[Data for this task — start]
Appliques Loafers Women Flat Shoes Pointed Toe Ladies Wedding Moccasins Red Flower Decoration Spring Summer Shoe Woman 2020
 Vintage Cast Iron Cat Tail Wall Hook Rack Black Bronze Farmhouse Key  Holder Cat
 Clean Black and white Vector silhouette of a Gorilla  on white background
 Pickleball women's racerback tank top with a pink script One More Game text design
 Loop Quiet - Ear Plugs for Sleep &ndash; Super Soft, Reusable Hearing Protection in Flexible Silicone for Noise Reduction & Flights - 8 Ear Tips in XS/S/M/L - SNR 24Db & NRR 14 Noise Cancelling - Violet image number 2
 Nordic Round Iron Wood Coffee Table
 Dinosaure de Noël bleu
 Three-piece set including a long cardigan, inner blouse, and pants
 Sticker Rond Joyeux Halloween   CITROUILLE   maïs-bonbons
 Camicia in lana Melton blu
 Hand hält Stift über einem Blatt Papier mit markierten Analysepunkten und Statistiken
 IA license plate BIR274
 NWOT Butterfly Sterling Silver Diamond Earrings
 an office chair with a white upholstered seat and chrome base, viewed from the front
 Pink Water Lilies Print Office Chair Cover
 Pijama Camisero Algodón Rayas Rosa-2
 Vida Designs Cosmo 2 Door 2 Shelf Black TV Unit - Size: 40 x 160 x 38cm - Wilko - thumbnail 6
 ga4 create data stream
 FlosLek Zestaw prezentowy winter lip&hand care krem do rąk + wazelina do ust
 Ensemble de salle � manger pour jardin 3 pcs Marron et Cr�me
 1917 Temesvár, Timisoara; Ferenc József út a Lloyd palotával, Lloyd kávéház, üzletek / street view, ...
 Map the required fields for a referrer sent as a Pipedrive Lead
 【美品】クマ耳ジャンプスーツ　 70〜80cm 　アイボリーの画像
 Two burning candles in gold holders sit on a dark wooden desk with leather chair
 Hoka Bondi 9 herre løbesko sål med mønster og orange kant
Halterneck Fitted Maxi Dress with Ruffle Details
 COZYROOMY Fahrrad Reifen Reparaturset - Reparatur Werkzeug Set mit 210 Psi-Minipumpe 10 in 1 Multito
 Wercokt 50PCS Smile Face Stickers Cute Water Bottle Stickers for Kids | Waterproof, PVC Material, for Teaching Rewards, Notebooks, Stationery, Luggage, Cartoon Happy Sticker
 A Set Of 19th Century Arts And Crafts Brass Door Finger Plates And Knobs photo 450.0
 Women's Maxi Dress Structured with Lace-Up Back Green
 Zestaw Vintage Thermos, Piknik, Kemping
[Data for this task — finish]
Nothing but the lines from the first line of the data through the line with "Pickleball women's racerback" should be returned, exactly as they appear, both ends included.

**Your solution**
Appliques Loafers Women Flat Shoes Pointed Toe Ladies Wedding Moccasins Red Flower Decoration Spring Summer Shoe Woman 2020
 Vintage Cast Iron Cat Tail Wall Hook Rack Black Bronze Farmhouse Key  Holder Cat
 Clean Black and white Vector silhouette of a Gorilla  on white background
 Pickleball women's racerback tank top with a pink script One More Game text design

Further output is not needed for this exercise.